In der historischen Literatur sind viele Polemiken über den Verlauf der Reiterattacke entbrannt. Neben soliden und Objektivität anstrebenden Arbeiten (z.B. Balagny) begegnen wir zahlreichen Verfälschungen. Viele Arbeiten liefern Beispiel für eine selektive und unsolide Untersuchung der Quellen. Jedoch scheint trotz der bis heute andauernden zahlreichen Kontroversen, Streitigkeiten und Polemiken die Arbeit von Marian Kujawski, die in seinem Buch "Zur Geschichte der polnischen Kämpfe in den napoleonischen Kriegen" enthalten ist, weiterhin die solideste Arbeit über die Schlacht bei Somosierra zu sein.
Unabhängig davon, welche Wendung die Diskussion in den wissenschaftlichen Kreisen nahm, hat das Bild der Schlacht bei Somosierra in die schöngeistige Literatur und die Malerei in Polen Eingang gefunden, allerdings in Form einer Legende. Die Künstler kümmerten sich im allgemeinen nicht viel darum, ob ihre Beschreibungen mit der Wirklichkeit übereinstimmten oder nicht. Das Phänomen der hauptsächlich von der schöngeistigen Literatur kreierten Legende von Somosierra besteht darin, daß diese Schlacht zu einer den kollektiven Helden glorifizierenden Tat geworden ist, mit der sich die ganze nach Unabhängigkeit strebende polnische Nation identifizieren konnte. Die Reiter von Somosierra wurden durch Dichtung und Prosa zu einer Manifestierung des Mutes, der Treue zu den soldatischen Idealen und der kavalleristischen Phantasie.
Das Thema wurde schon nach 1810 von Dichtern und Schriftstellern (Kanterbury Tymowski) aufgegriffen. Hinweise auf die Schlacht findet man auch in Adam Mickiewiczs Pan Tadeusz. Ebenfalls ein schönes poetisches Beispiel dieser Legende der Tat liefert das Gedicht Die Talschlucht von Somosierra von Maria Konopnicka. Die Schlacht bei Somosierra bildet auch ein Thema, das in der Prosa von Waclaw Gasiorowski (z.B. Der Sturm) und Kazimierz Przerwa-Tetmajer oft zur Sprache kommt. In der schöngeistigen Literatur hat diese Legende bis in die Gegenwart hinein überdauert. Sie taucht in zahlreichen Schilderungen von Schlachten des 2. Weltkrieges wieder auf, u.a. bei Melchior Wankowicz und Stanislaw Koszutski, sowie im Gedicht von Jan Lechon über die Schlacht von Monte Cassino, selbstverständlich auch in der Prosa von Marian Brandys.
Ähnlich ist diese Schlacht auch in der Malerei oft legendenbildend dargestellt worden - als Apotheose von Personen oder des Geschehens selbst. Bemerkenswert ist, daß die meisten Künstler die faktische Topographie des Geländes nicht kannten.
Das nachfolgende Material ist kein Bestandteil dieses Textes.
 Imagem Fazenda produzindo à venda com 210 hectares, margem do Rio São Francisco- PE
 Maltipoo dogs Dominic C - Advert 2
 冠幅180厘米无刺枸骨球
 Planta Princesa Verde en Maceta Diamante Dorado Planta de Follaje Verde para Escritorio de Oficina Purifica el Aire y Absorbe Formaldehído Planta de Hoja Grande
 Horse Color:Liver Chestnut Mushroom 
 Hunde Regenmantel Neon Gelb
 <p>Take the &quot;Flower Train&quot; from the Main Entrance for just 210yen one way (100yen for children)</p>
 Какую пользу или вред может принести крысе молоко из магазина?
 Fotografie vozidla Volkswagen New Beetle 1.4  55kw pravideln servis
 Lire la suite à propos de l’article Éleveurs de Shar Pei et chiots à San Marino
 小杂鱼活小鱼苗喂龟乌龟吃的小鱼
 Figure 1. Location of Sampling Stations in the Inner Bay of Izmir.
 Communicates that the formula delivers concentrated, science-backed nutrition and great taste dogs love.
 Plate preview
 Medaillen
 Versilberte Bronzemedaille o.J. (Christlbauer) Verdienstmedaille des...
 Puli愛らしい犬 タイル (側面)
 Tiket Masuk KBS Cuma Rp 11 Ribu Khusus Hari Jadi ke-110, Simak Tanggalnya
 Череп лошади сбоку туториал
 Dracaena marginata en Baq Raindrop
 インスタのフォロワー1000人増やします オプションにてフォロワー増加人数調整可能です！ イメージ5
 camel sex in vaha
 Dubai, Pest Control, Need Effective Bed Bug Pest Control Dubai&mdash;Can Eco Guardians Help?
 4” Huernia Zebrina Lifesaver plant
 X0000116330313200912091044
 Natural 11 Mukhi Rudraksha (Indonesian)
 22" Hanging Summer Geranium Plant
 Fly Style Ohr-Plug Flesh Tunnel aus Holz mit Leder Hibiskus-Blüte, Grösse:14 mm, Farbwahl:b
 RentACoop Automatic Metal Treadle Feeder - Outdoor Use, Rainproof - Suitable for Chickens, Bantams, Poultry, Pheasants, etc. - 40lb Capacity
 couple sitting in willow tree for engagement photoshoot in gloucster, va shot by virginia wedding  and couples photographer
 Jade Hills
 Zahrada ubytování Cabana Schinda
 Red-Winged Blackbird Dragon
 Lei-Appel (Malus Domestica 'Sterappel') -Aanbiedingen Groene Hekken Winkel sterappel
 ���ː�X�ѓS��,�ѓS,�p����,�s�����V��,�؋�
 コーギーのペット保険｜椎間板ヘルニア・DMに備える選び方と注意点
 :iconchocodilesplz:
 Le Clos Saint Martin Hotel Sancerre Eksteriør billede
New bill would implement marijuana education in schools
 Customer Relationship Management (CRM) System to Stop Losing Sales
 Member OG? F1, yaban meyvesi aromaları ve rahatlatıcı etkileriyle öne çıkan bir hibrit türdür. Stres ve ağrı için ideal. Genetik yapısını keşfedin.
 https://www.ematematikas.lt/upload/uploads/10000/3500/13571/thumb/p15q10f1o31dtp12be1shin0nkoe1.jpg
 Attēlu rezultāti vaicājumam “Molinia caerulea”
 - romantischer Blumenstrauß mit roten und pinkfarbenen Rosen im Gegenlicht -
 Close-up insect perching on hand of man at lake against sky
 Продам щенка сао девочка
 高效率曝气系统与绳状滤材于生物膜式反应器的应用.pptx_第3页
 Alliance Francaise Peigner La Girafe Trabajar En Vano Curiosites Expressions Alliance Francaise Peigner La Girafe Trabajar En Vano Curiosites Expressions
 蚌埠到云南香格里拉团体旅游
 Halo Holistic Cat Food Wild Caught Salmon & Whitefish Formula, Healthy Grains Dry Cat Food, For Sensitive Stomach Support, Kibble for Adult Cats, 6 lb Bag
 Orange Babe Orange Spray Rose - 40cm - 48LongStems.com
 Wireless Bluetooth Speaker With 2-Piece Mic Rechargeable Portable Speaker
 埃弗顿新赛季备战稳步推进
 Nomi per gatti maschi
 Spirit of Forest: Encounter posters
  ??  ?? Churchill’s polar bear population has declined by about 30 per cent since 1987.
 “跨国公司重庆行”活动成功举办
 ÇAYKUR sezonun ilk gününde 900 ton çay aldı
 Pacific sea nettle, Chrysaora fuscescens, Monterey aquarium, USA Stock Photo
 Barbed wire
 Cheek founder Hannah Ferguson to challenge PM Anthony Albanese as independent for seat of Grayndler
Eigentlich hat sich nur Wojciech Kossak die Mühe gemacht, die Kampfstätte zu besichtigen, aber auch ihm blieben gewisse andere Fehler nicht erspart, z.B. läßt er seine Kavalleristen in Paradeuniform Attacke reiten. Es scheint, daß die Künstler nicht so sehr auf die Darstellung des Verlaufes der wirklichen Schlacht Nachdruck gelegt haben, sondern eher auf die der Legende (Piotr Michalowski, January Suchodolski u.a.). Und diese Legende sollte ja auch eine didaktische Funktion für die ganze Nation erfüllen. Dies wird Fürst A. Imertynski, der Gouverneur der Stadt Warschau, richtig erkannt haben, als er W. Kossak verbot, ein Panorama von Somosierra zu malen, weil dieses Thema eine Gefahr für die Sicherheit des Staates darstellte.